**EXERCISE DETAILS:** Would you transcribe the records below from the line with "Luigi Bartezago - Nel" to the line with "BARBARA Fairisle Shetland Sweater - Lilac", ends included, exactly and with nothing more, leaving the pictures out?

___ SUPPLIED DATA

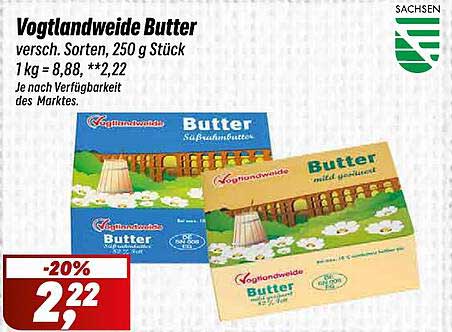 Vogtlandweide Butter - versch. Sorten, 250 g Stück
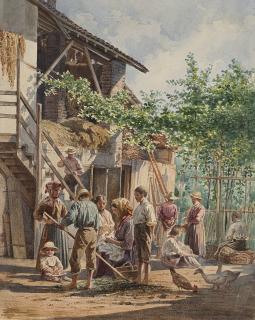 Luigi Bartezago - Nel cortile della cascina. Dal vero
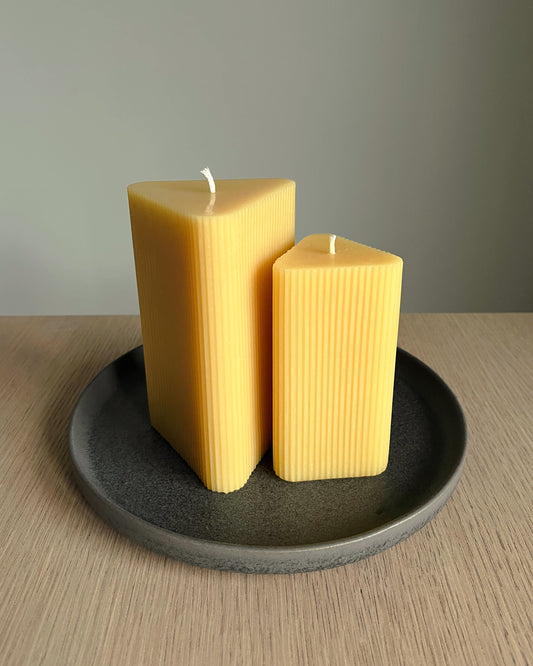 Beeswax Triangular Pillar Candle Set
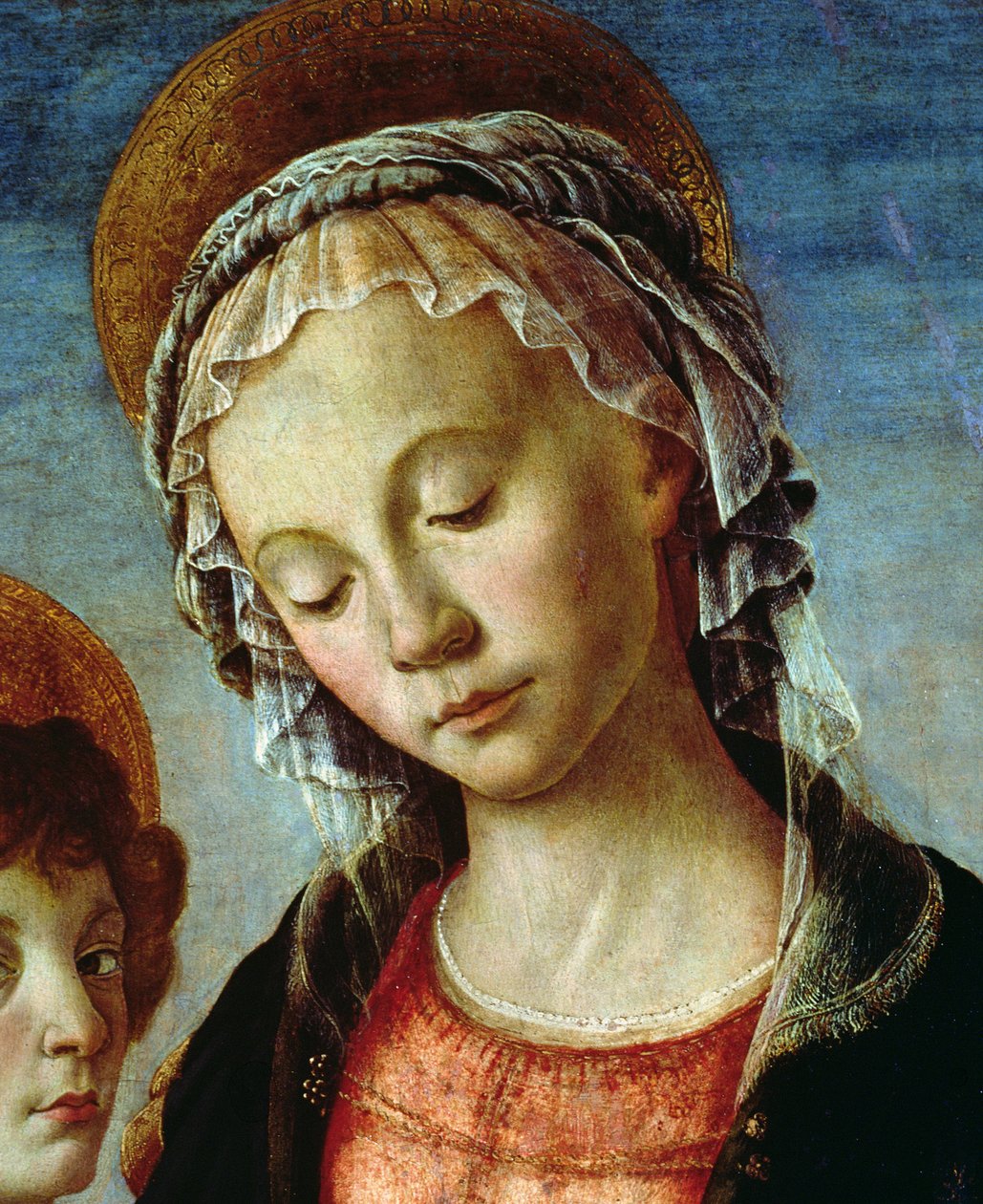 Madonna e criança detalhe de 44356 de Sandro Botticelli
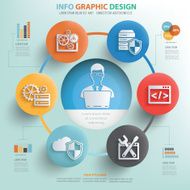 Admin server concept info graphic design clean vector N4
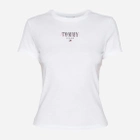 Футболка бавовняна жіноча Tommy Jeans DW0DW17839-YBR L Біла (8720646672035) - зображення 4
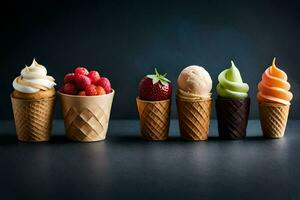 différent les saveurs de la glace crème dans cônes. généré par ai photo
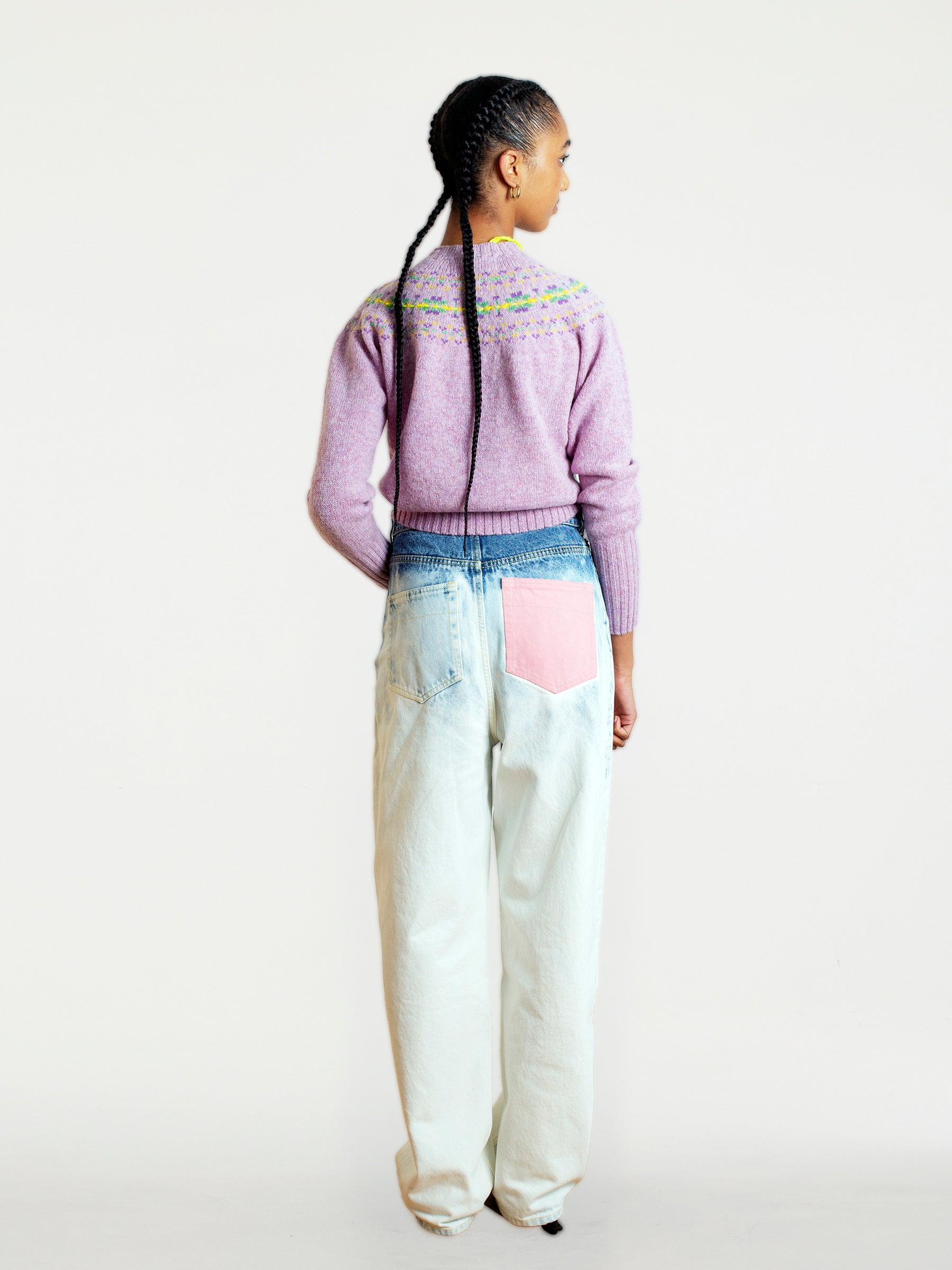 BARBARA Fairisle Shetland Sweater - Lilac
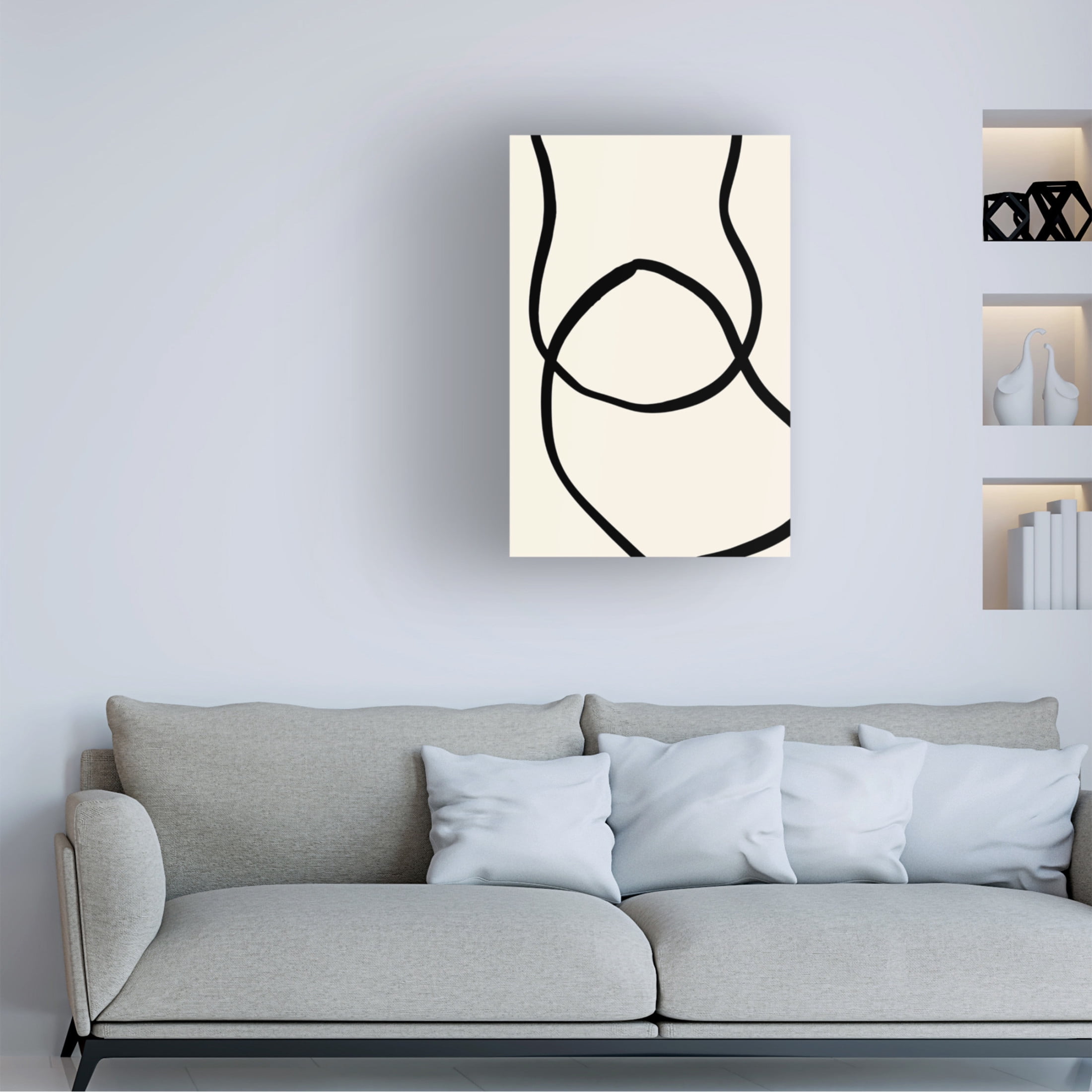 Canvas Wall Art - Pictufy Studio 'Black Lines 04' Wall Art for Living Room, Bedroom, or Office Décor by Trademark Fine Art - 12 x 19 Inches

______

**TASK ANSWER:**
 Luigi Bartezago - Nel cortile della cascina. Dal vero
 Beeswax Triangular Pillar Candle Set
 Madonna e criança detalhe de 44356 de Sandro Botticelli
 Admin server concept info graphic design clean vector N4
 Футболка бавовняна жіноча Tommy Jeans DW0DW17839-YBR L Біла (8720646672035) - зображення 4
 différent les saveurs de la glace crème dans cônes. généré par ai photo
 BARBARA Fairisle Shetland Sweater - Lilac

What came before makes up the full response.